Thelma and Louise: Breakthrough tip for 5/7/2016

IMG_0014If you know who Thelma and Louise were/are, set your timer and write non-stop for twenty minutes about what happened after they jumped. If you don’t know who they are, do NOT google them, set your timer for twenty minutes and write about the moment that they jumped. Have fun. Please send us what you wrote.

And from Breakthrough reader and writer, Mary Patton:

Nothing is Nothing

John and I sit in a cheap but overpriced Vietnamese noodle shop with a t.v. blaring advertisements about how Bisel will steam clean your carpet the very best and how OmegaXL will relieve all your pain. Not quite the right atmosphere for writing but we give it our full effort to dissolve all unnecessary noise into the part of our brains that deems incoming senses as unimportant enough to disappear. The sound waves of the boob tube cease to send vibrations through the air and our own writing ideas send a more powerful energy through the tips of our pens as we sit in a booth furthest from the television.

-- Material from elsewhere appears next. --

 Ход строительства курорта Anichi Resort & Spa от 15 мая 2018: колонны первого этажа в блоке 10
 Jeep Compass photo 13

John writes furiously. “If I disappear, I’ll…”   He is engrossed in his writing and smiling with satisfaction. I imagine he is writing a fantasy story of invisibility cloaks and space aliens who live without sight or sound. I struggle.

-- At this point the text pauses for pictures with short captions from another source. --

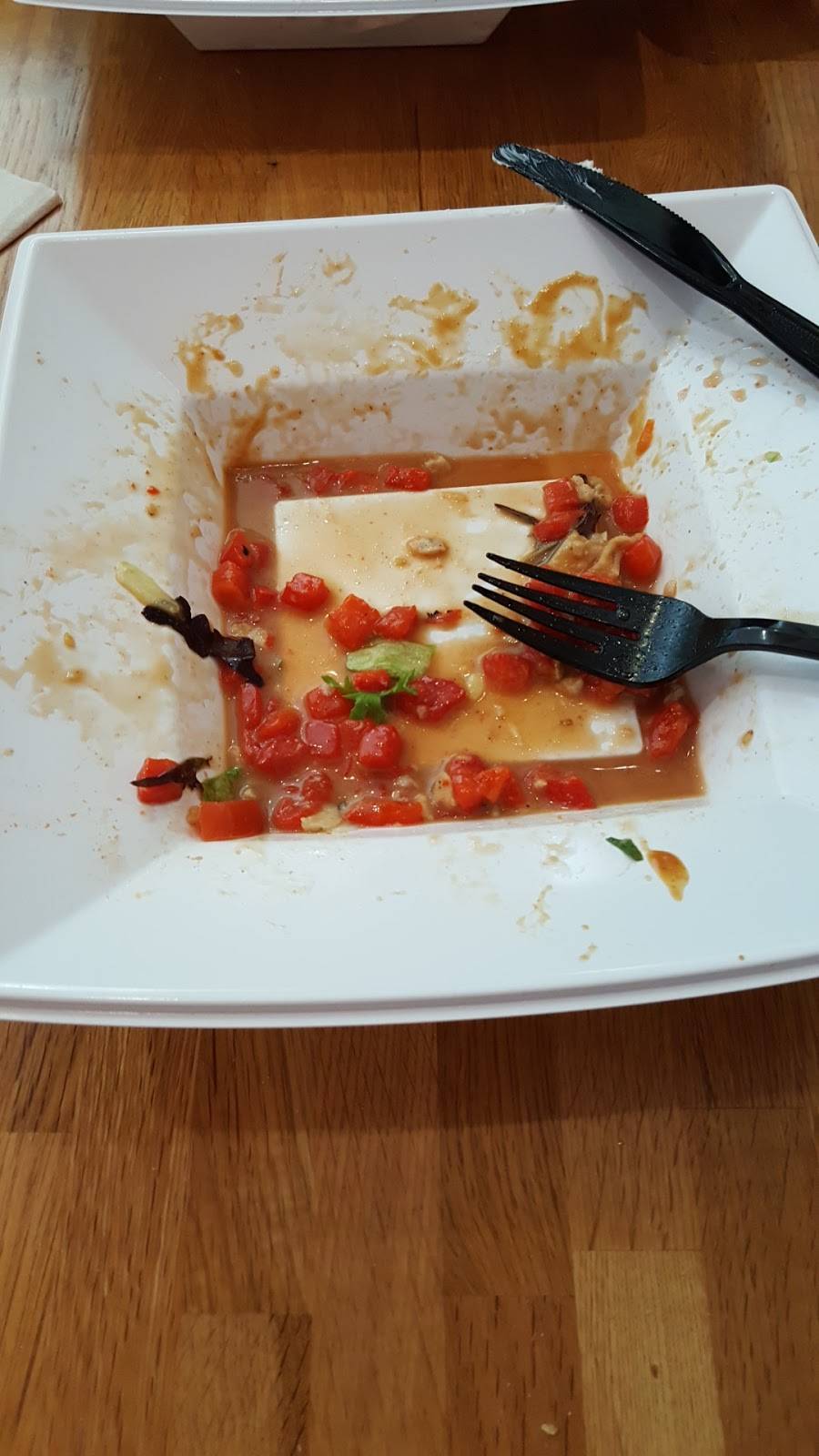 Saladworks | restaurant | 1991 Sproul Rd #45, Broomall, PA 19008, USA | 6103599926 OR +1 610-359-9926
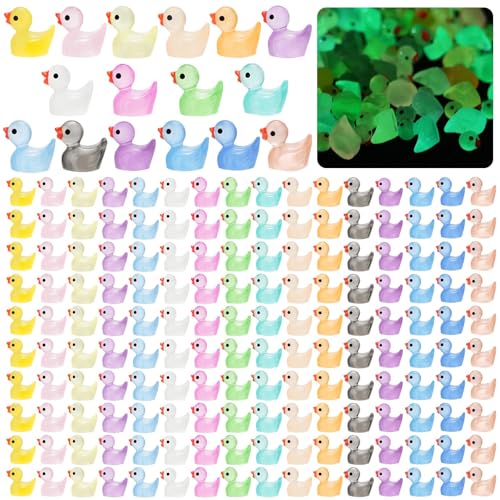 130 stück mini enten, glühen Kunstharz-Enten,bunte kleine enten,Miniatur Enten,Entenspielzeug,kleine ente im dunkeln für Aquarium Puppenhaus Miniaturgarten Handwerk Deko DIY Haus Dekoration(16 Farben) 130 stück mini enten, glühen Kunstharz-Enten,bunte kleine enten,Miniatur Enten,Entenspielzeug,kleine ente im dunkeln für Aquarium Puppenhaus Miniaturgarten Handwerk Deko DIY Haus Dekoration(16 Farben) von ZephyrHome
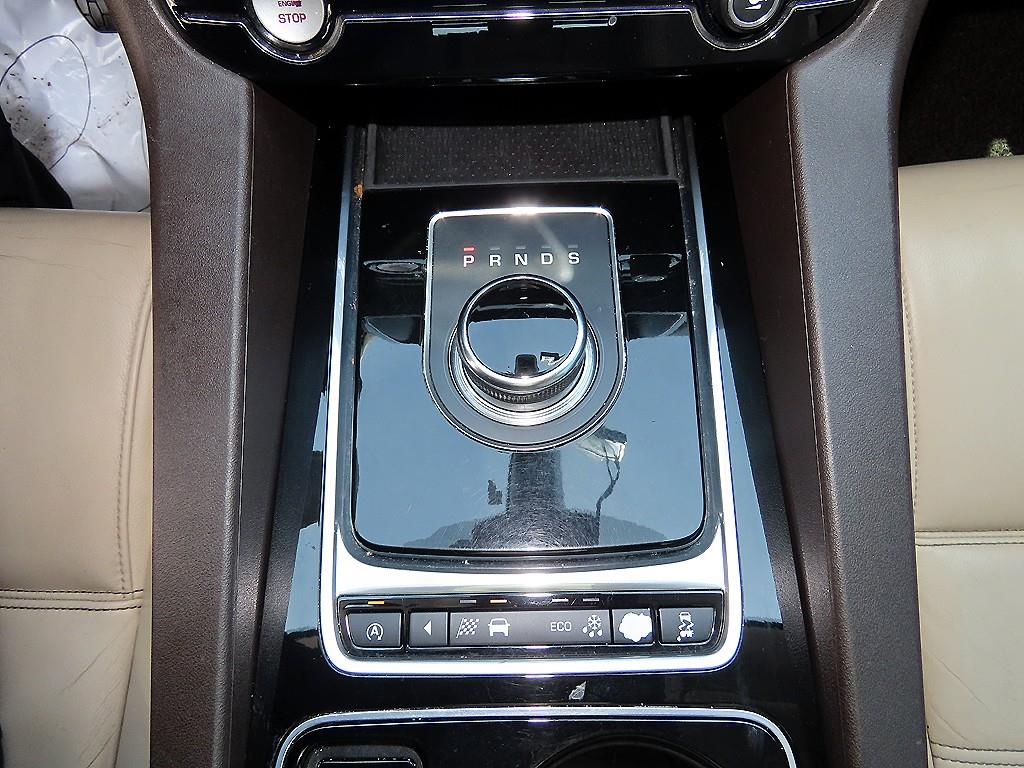 Jaguar F-PACE - Vista 10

I am doing mental yoga trying to both be aware of my surroundings with all senses and ignore distractions in this unworthy environment. I succeed when my own story begins to blossom from nothingness.

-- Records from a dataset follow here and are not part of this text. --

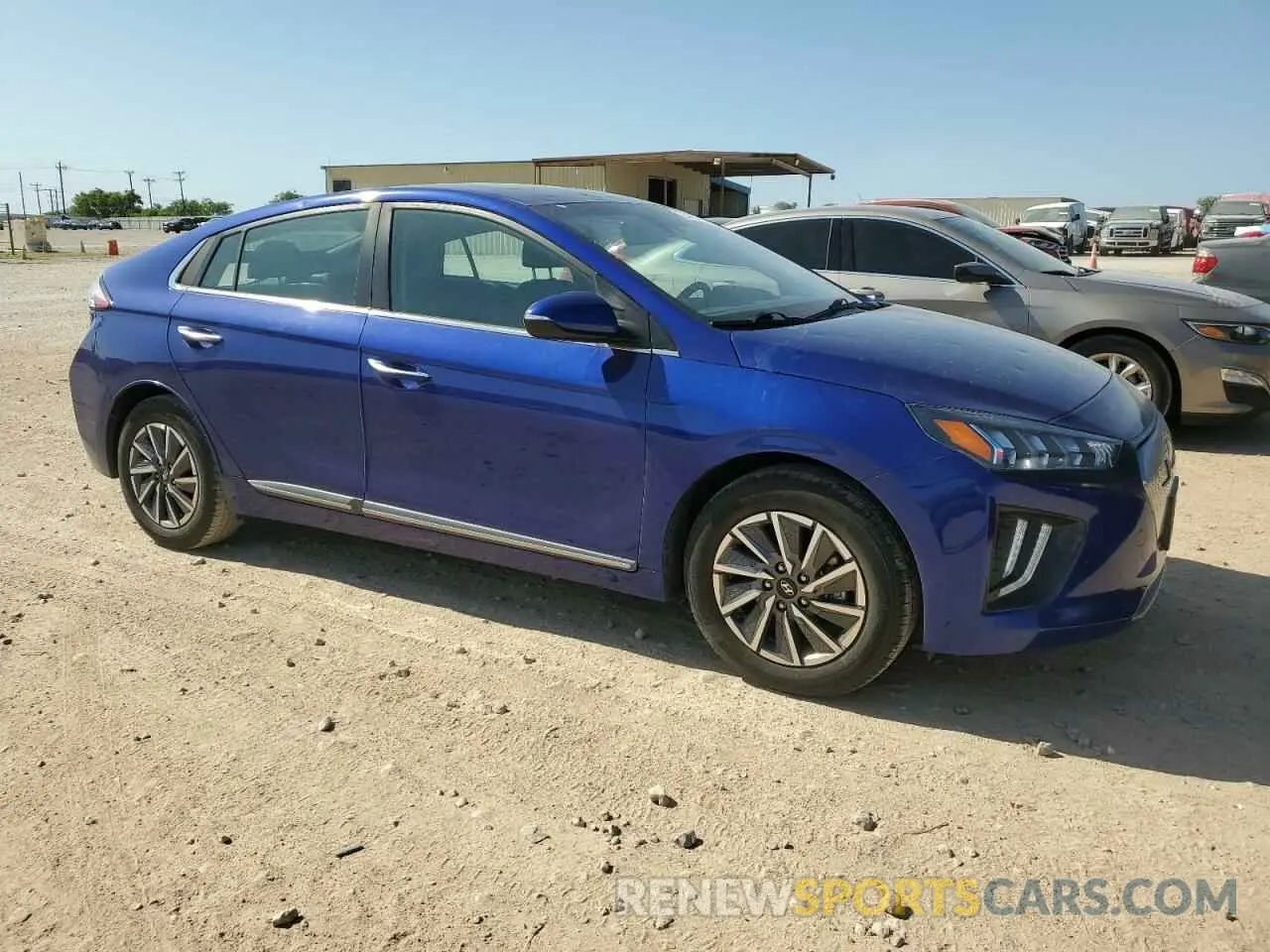 4 Фотография поврежденного автомобиля KMHC85LJ3LU071113 HYUNDAI IONIQ 2020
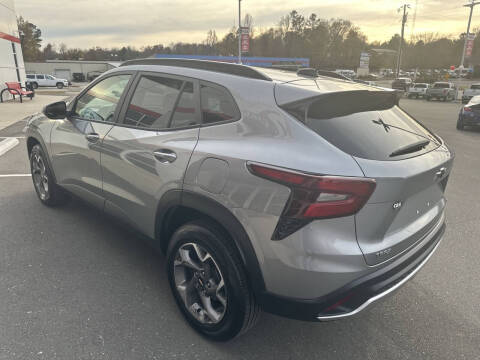 2024 Chevrolet Trax LT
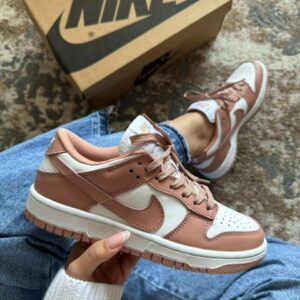 women dunk low rose whisper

If I disappear, I will cease all judgments and be free of time and space. Uncritical of others and indifferent to the criticisms of others and yet in total harmony with them. Words will blow before my reader’s eyes like an imperceptible breeze that comes and goes to who knows where. The trees will gently sway from the breath of my story and as I grow in skill and strength and the trees clap their hands.

The tiny nuances of story rise, invisible as microscopic water vapor that rises to the ionosphere then slowly falls as moisturizing mist, not caring whether it lands in a mud puddle, on a wind shield to be swiped away by mad rushing wipers or in an ocean and cycled through a fish’s gills. Not caring who will read, who will approve or disapprove.

Into the deepest ocean, I will eventually sink with molecular words again rising to the highest altitude drifting as wind, pulling and pushing H20 though the mystical cycle of life. Invisible as self but a might wind and flooding torrent when combined with other readers and writers and makers of song. Together our voices are loud.

Just as wind and rain don’t act alone in a weather pattern, our work combines with the assistance of the millions of artists who have blown before us in time. Their art created gales and blizzards and create and destroy, dry and moisturize again the dry-cracked minds of those who have forgotten who they are.

If I disappear, I’ll find I am part of a greater whole, being both similar and unique in the huge cycle of life with no need to compete or struggle or worry.

I pull my pen from this page and realize as a hungry customer opens the restaurant door that the wind outside is howling. I laugh as I scramble for my wind tossed pages. Some invisible writer has impersonated the wind and tossed my words like a salad.   The sky has become dark and cold this spring afternoon and the television is still blaring it’s inane, brain washing drivel. Somewhere many artists are awakening in Flagstaff. The wind in the café door tells me so.